Displacement And Supervision Issues
If an employer uses interns as substitutes for regular workers or to augment its existing workforce during specific time periods, these interns should be paid at least the minimum wage and overtime compensation for hours worked over forty in a workweek. If the employer would have hired additional employees or required existing staff to work additional hours had the interns not performed the work, then the interns will be viewed as employees and entitled compensation under the FLSA. Conversely, if the employer is providing job shadowing opportunities that allow an intern to learn certain functions under the close and constant supervision of regular employees, but the intern performs no or minimal work, the activity is more likely to be viewed as a bona fide education experience. On the other hand, if the intern receives the same level of supervision as the employer’s regular workforce, this would suggest an employment relationship, rather than training.

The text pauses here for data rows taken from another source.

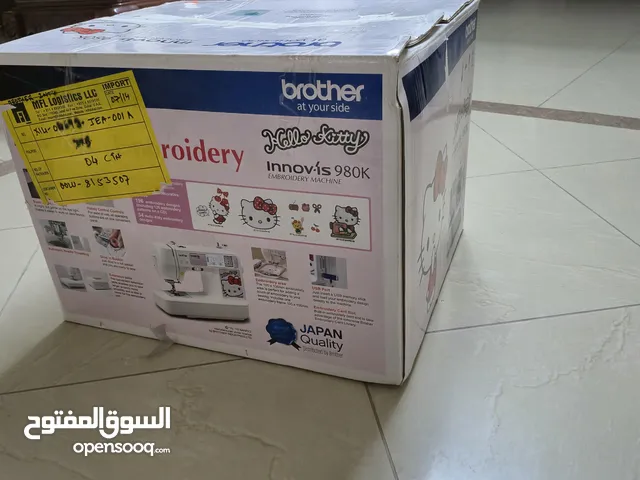 ماكينة خياطه جديده هلوكتي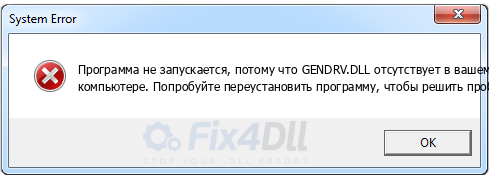 GENDRV.DLL отсутствует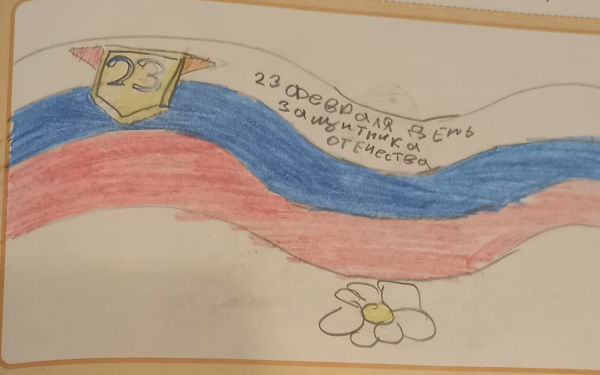 День победы!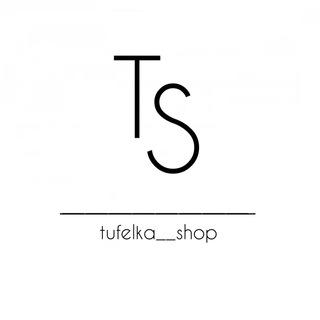 Логотип канала tufelka_shop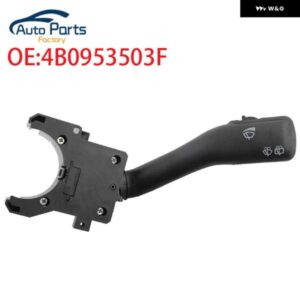 アウディ ウインカー ワイパー コラム ストーク スイッチ A3 フォルクスワーゲン VW ゴルフ ジェッタ パサート 4B0953503F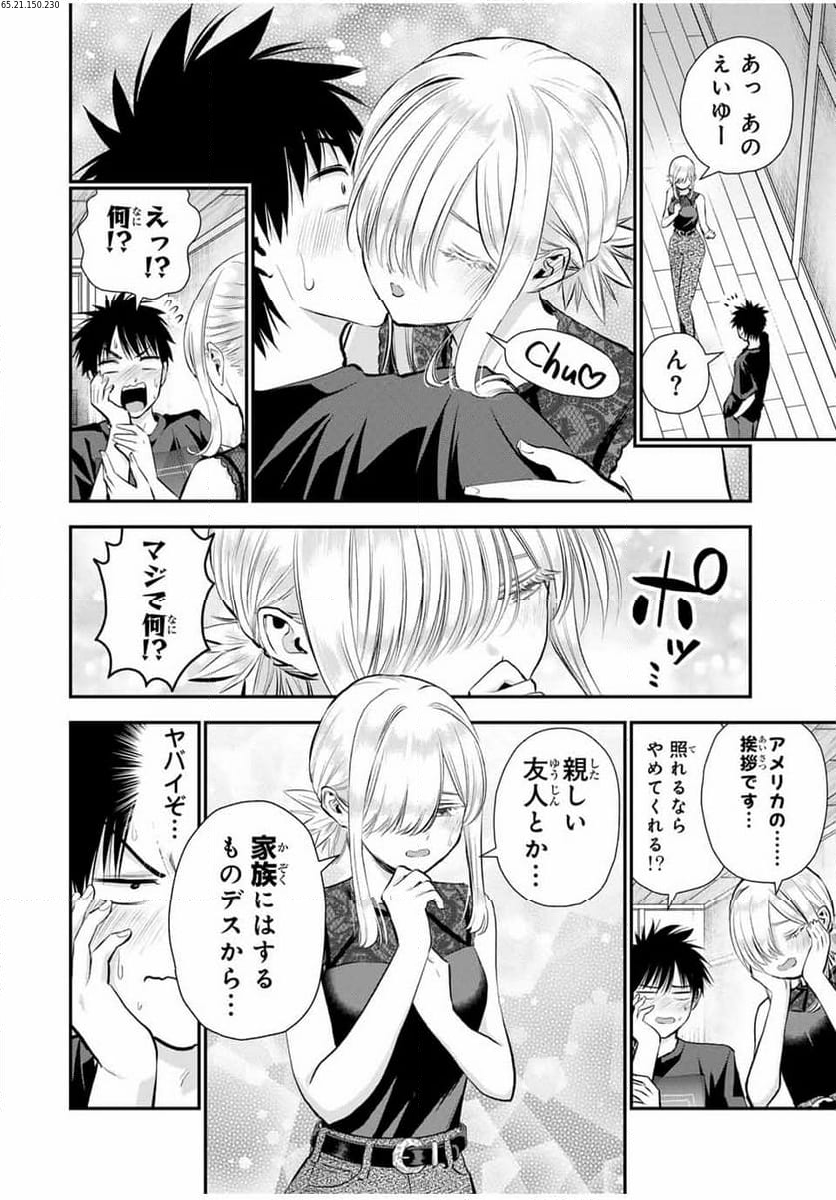 幼馴染とはラブコメにならない 第102話 - Page 2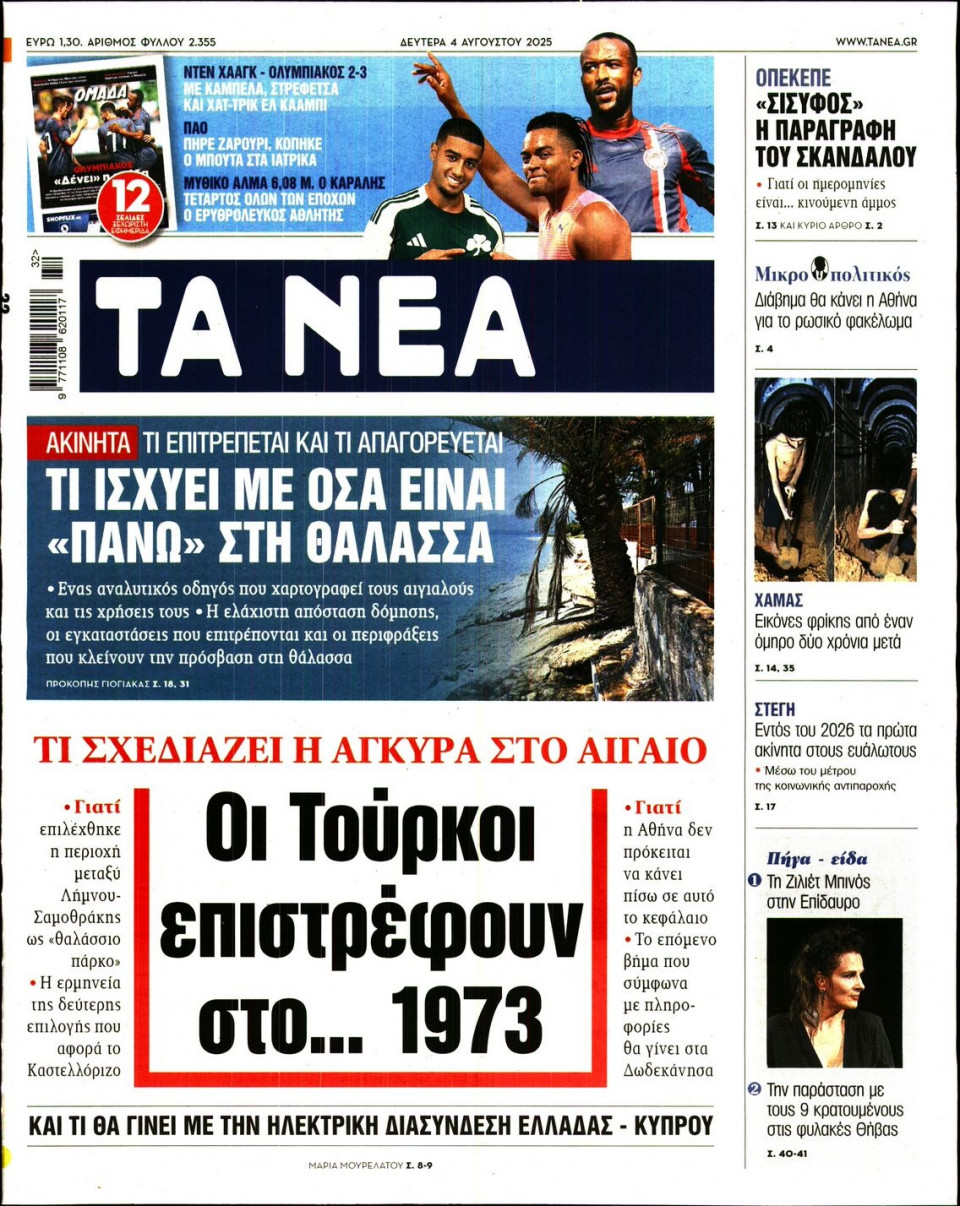 Πρωτοσέλιδο Εφημερίδας - Τα Νέα - 2025-08-04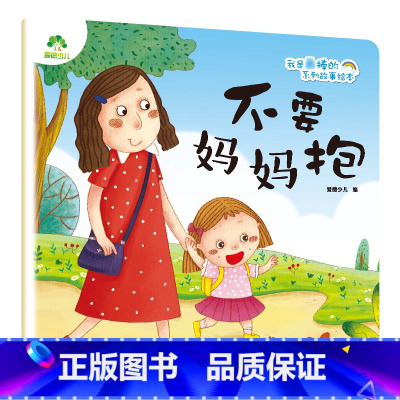 不要妈妈抱 [正版]我是棒的套装儿童情绪管理与性格培养绘本安全教育绘本逆商培养故事书3-6周岁幼儿园绘本阅读好习惯思维训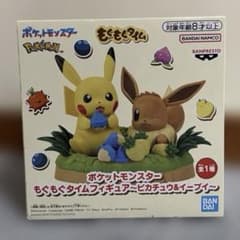 ポケットモンスター もぐもぐタイムフィギュア ピカチュウ&イーブイ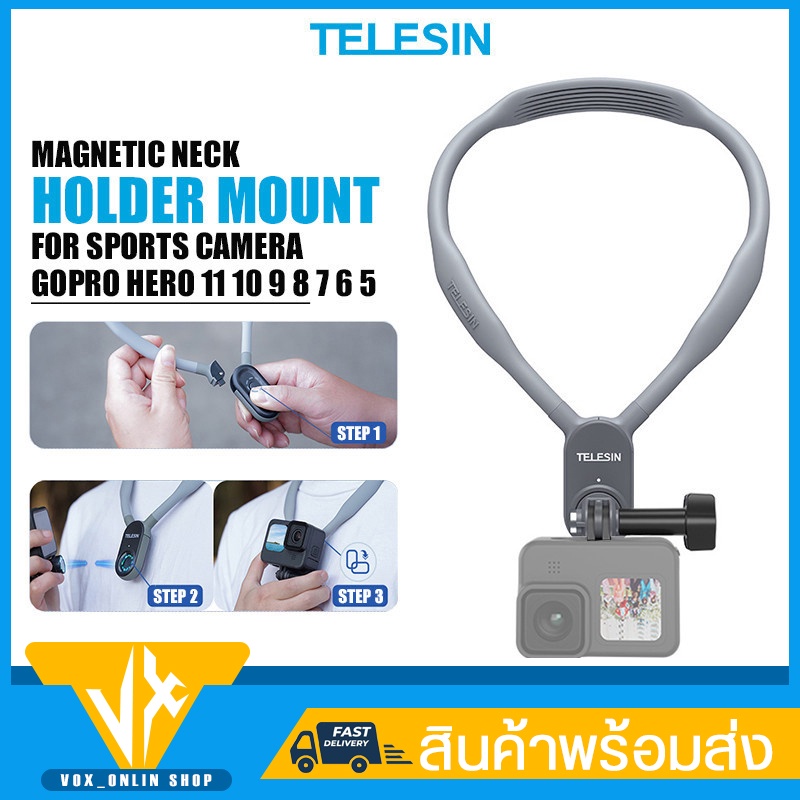 ตัวยึดกล้อง U Shape แบบคล้องคอแม่เหล็กตัวยู Telesin รุ่น TE-HNB-001สำหรับโกโปร 10/9/8/7สมาร์ทโฟน กล้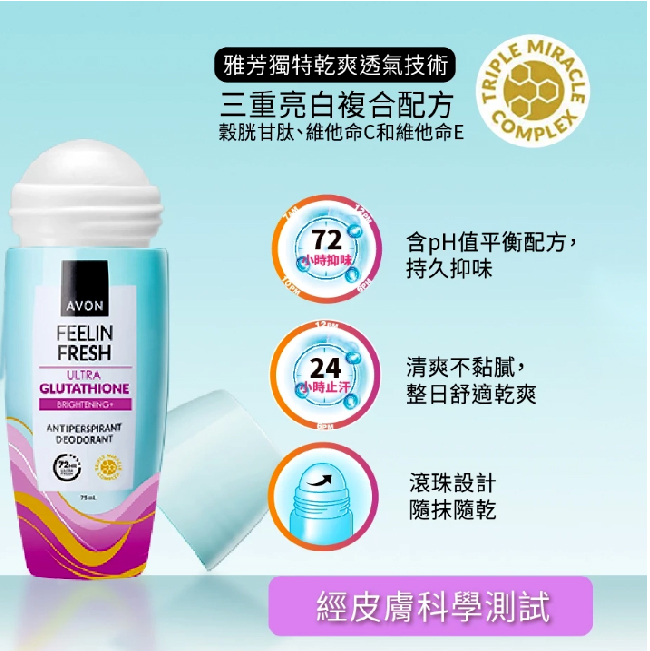 【AVON雅芳】制汗體香劑 75ml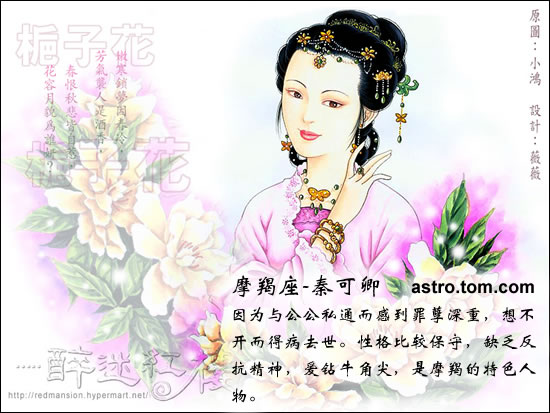 红楼梦人物与星座趣谈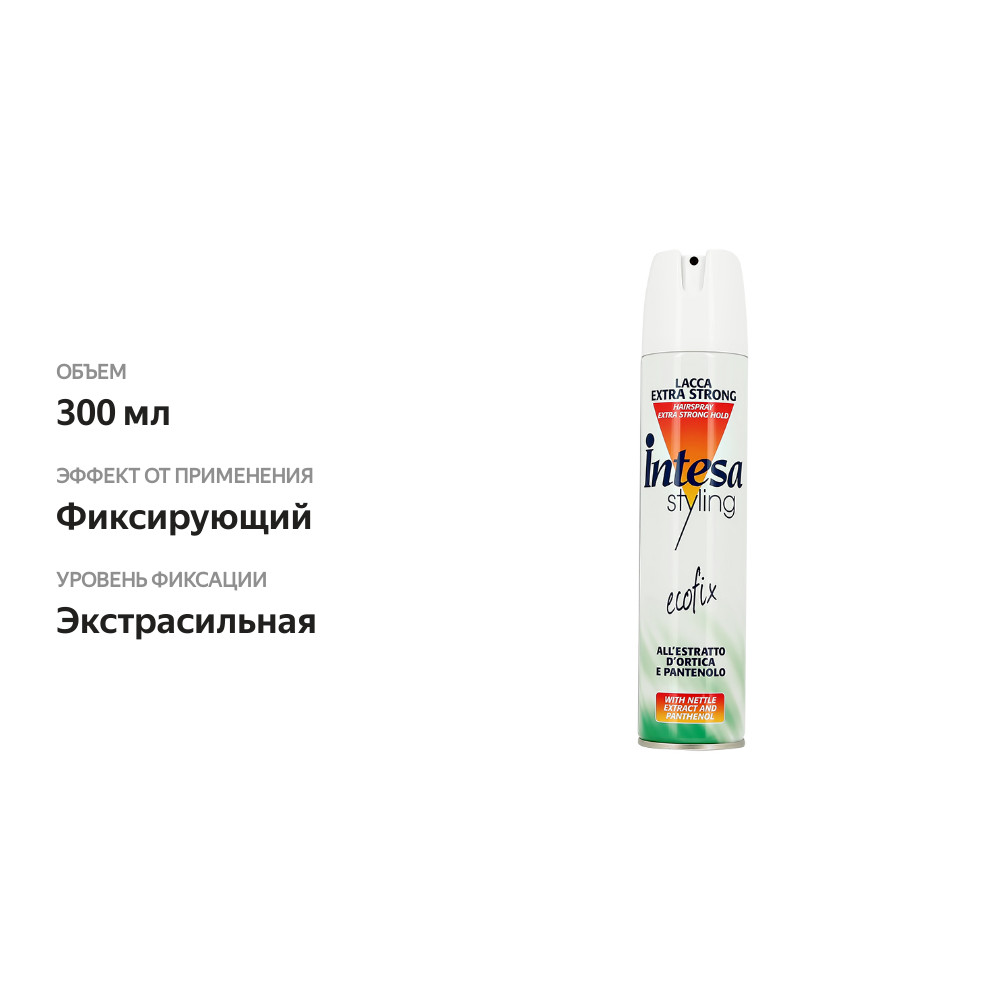 

Лак для волос `INTESA` Extra strong hold 300 мл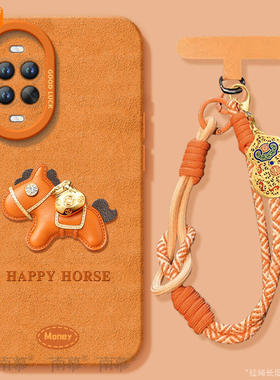 适用华为nova15手机壳nova15Pro套Nava14麂皮小马2026马年navo13新款12防摔11新年款10过年Ultra硅胶8红色7软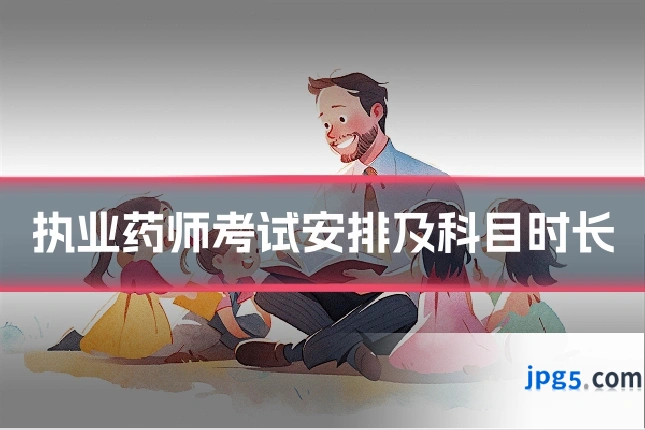 执业药师考试安排及科目时长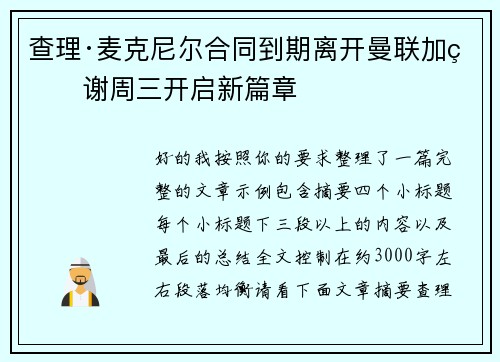 查理·麦克尼尔合同到期离开曼联加盟谢周三开启新篇章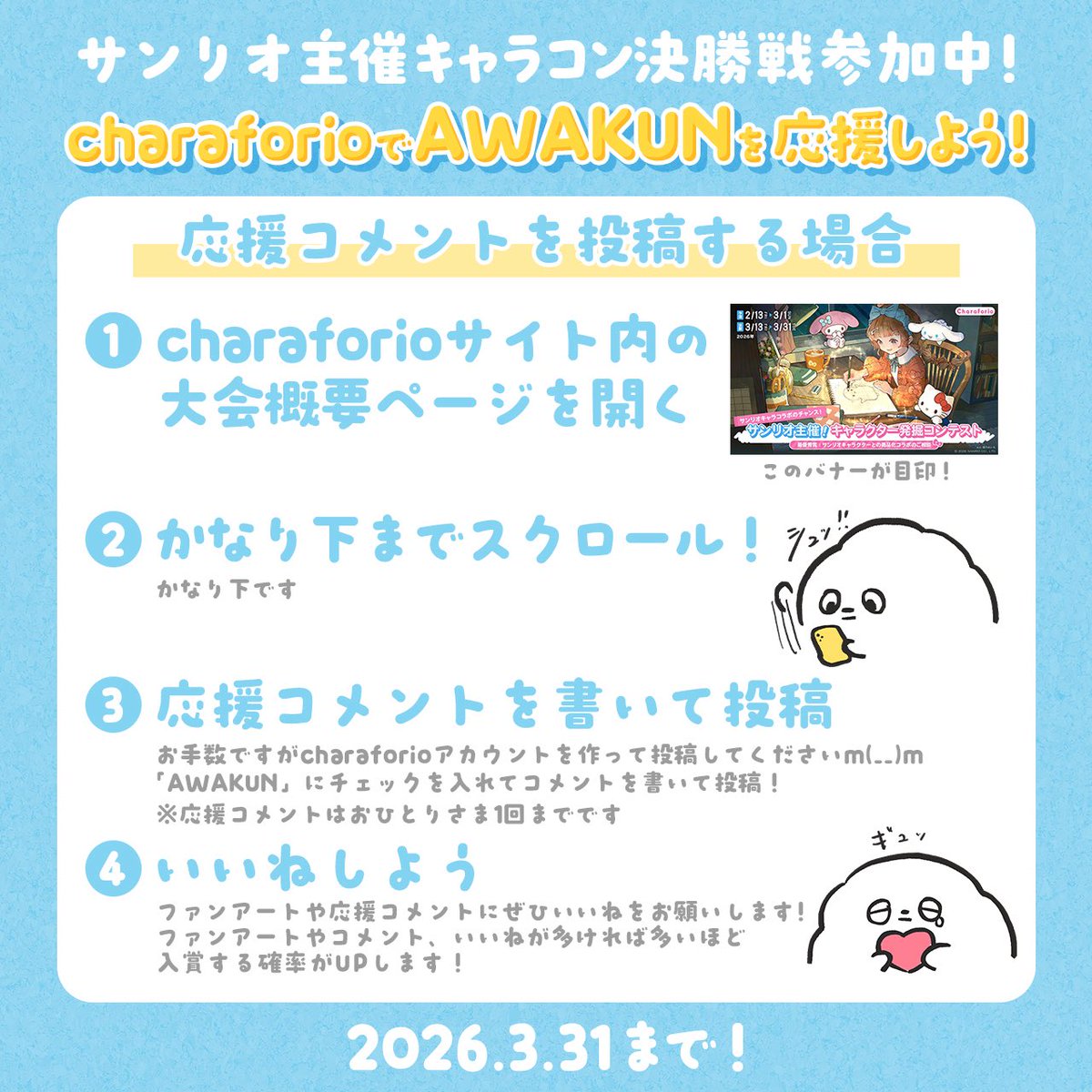 shake_shobou's tweet photo. 🎀 #サンリオ主催キャラコン 決勝応援の仕方🎀

詳細は画像をご覧ください！

お手数ですがcharaforioのアカウントを作成していただく必要があります💦

最優秀賞はサンリオキャラクター様とコラボ👀✨
すごすぎる〜！

皆様ぜひご参加ください💖

🔗charaforioはこちらから🔗
https://t.co/w4vnzseGOg https://t.co/GAHo1OlL21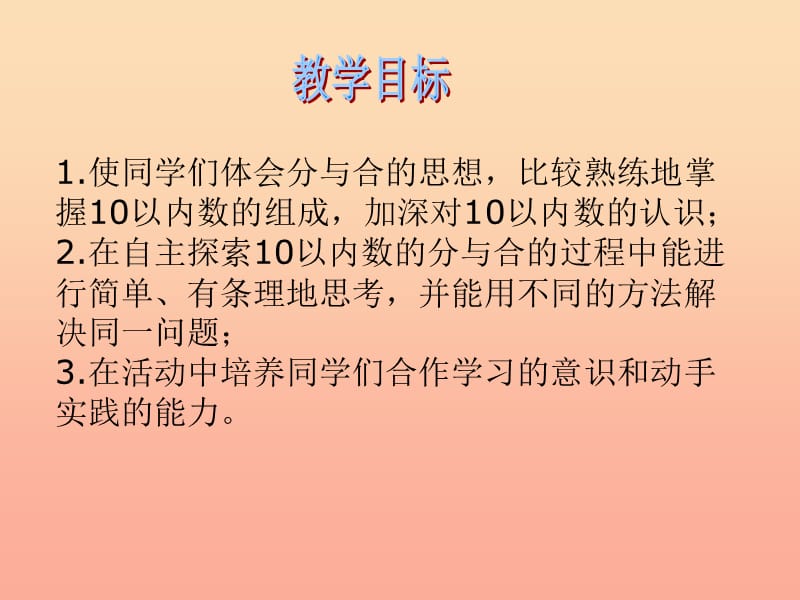 2019秋一年级数学上册 第七单元 10的分与合课件3 苏教版.ppt_第2页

The internship should be of a fixed duration, established prior to the outset of the internship. Further, unpaid internships generally should not be used by the employer as a trial period for individuals seeking employment at the conclusion of the internship period. If an intern is placed with the employer for a trial period with the expectation that he or she will then be hired on a permanent basis, that individual generally would be considered an employee under the FLSA.
Source: Steven Greenhouse, “Judge Rules that Movie Studio Should have Been Paying Interns,” TNYT (Jun. 2013); Laura M. Holson, “In World of High-Glamour, Low-Pay Jobs, the Recession Has Its Bright Spots, TNYT (Feb. 2009); Department of Labor Website.